Omnistaging#
mattjj@ Sept 25 2020
This is more of an upgrade guide than a design doc.
Contents#
tl;dr#
What’s going on?#
A change to JAX’s tracing infrastructure called “omnistaging” (jax-ml/jax#3370) was switched on in jax==0.2.0. This change improves memory performance, trace execution time, and simplifies jax internals, but may cause some existing code to break. Breakage is usually a result of buggy code, so long-term it’s best to fix the bugs, but omnistaging can also be disabled as a temporary workaround. And we’re happy to help you with fixes!
How do I know if omnistaging broke my code?#
The easiest way to tell if omnistaging is responsible is to disable omnistaging and see if the issues go away. See the What issues can arise when omnistaging is switched on? section below.
How can I disable omnistaging for now?#
Note: this applies to JAX versions 0.2.0 through 0.2.11; omnistaging cannot be disabled in JAX versions 0.2.12 and higher
It is temporarily possible to disable omnistaging by
setting the shell environment variable
JAX_OMNISTAGING
to something falsey;setting the boolean flag
jax_omnistaging
to something falsey if your code parses flags with absl;using this statement near the top of your main file:
jax.config.disable_omnistaging()
How do I fix bugs exposed by omnistaging?#
By far the most common issue with omnistaging is using jax.numpy
to compute
shape values or other trace-time constants. See the code block below for a quick
example, and for full details along with other issues see the section What
issues can arise when omnistaging is switched
on?.
Instead of this:
@jit
def f(x):
input_size = jnp.prod(x.shape)
if input_size > 100:
...
do this:
import numpy as np
@jit
def f(x):
input_size = np.prod(x.shape)
if input_size > 100:
...
Instead of thinking of jax.numpy
as a drop-in replacement for numpy
, it’s
now better to think of using jax.numpy
operations only when you want to perform a
computation on an accelerator (like your GPU).
What is “omnistaging” and why is it useful?#
Omnistaging is the name for a JAX core upgrade aimed at staging out more
computation from op-by-op Python to XLA, and avoiding any “trace-time constant
folding” in jit
, pmap
, and control flow primitives.

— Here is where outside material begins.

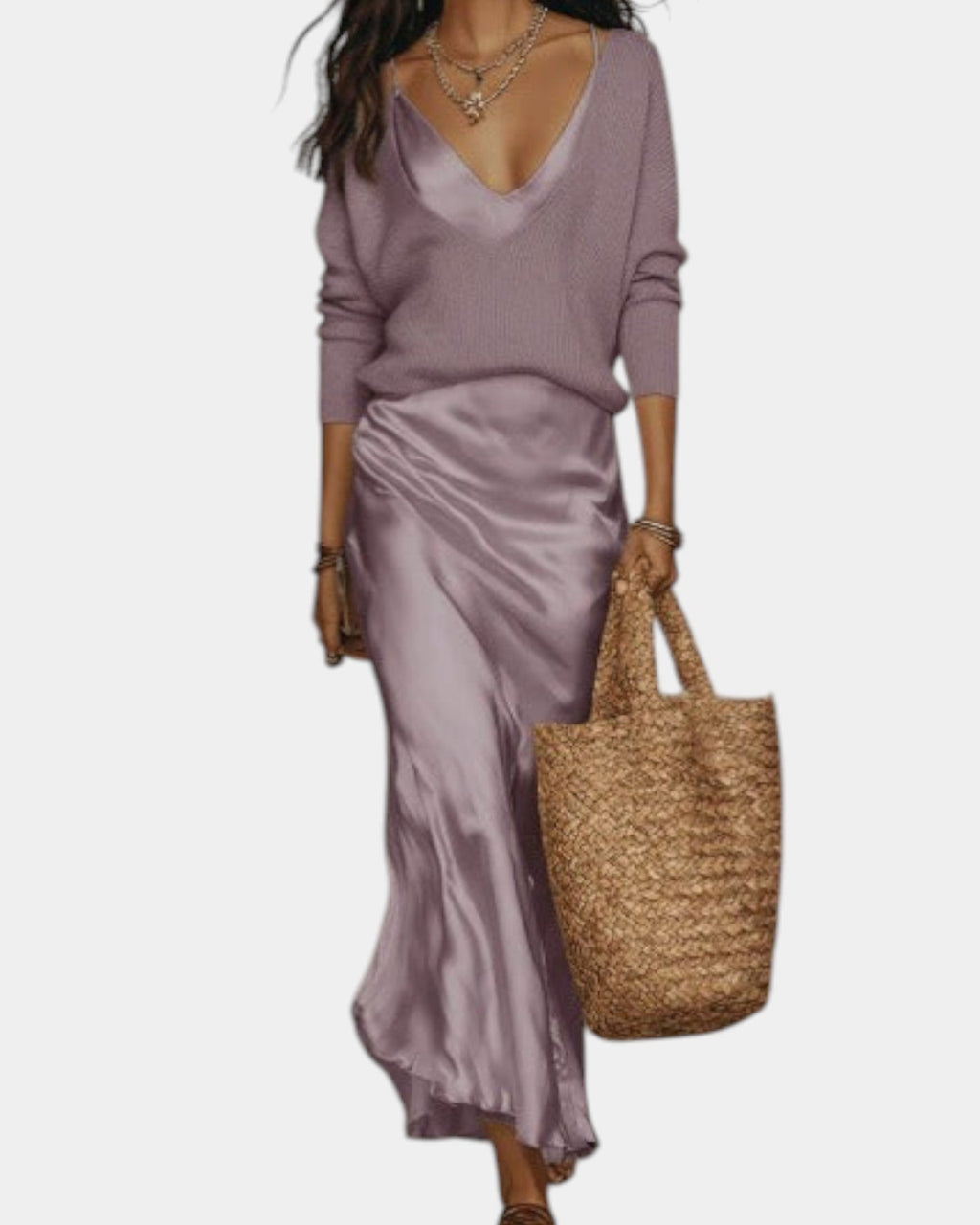 2-Piece Set Satin Dress and Knitted Top for Women | Perfect for the Office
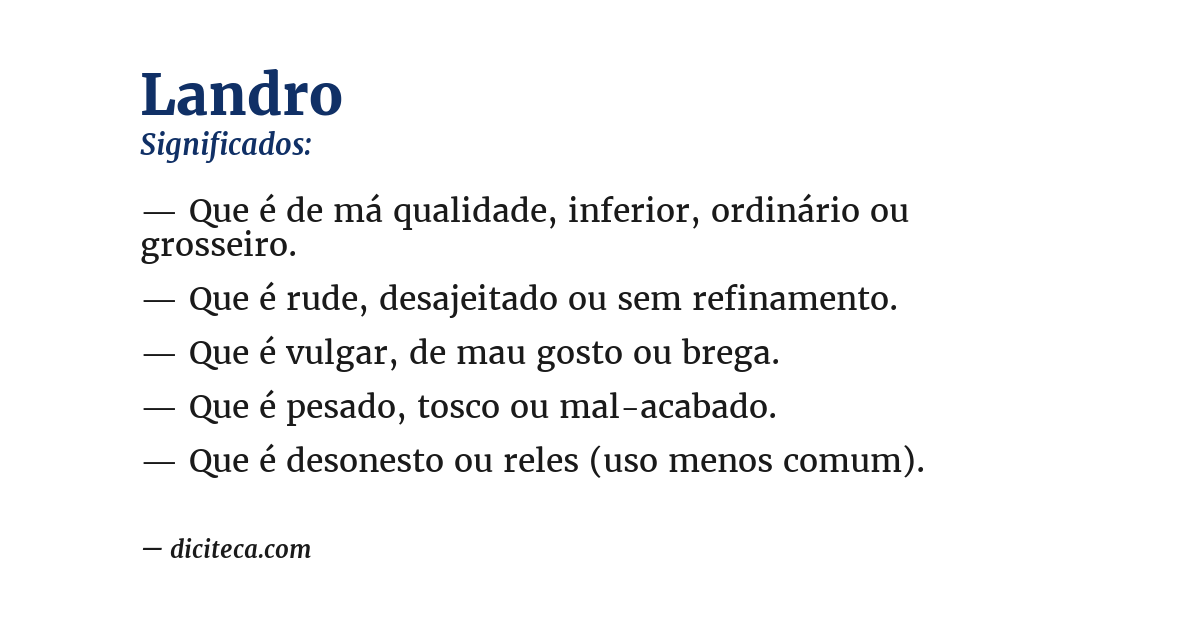 Significado de landro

As a result, omnistaging
improves JAX’s memory performance (sometimes dramatically) both by reducing
fragmentation during tracing and by producing fewer large compile-time constants
for XLA. It can also improve tracing performance by eliminating op-by-op
execution at tracing time. Further, omnistaging simplifies JAX core internals,
fixing many outstanding bugs and setting the stage for important upcoming
features.
The name “omnistaging” means staging out everything possible.
Toy example#
JAX transformations like jit
and pmap
stage out computations to XLA. That
is, we apply them to functions comprising multiple primitive operations so that
rather being executed one at a time from Python the operations are all part of
one end-to-end optimized XLA computation.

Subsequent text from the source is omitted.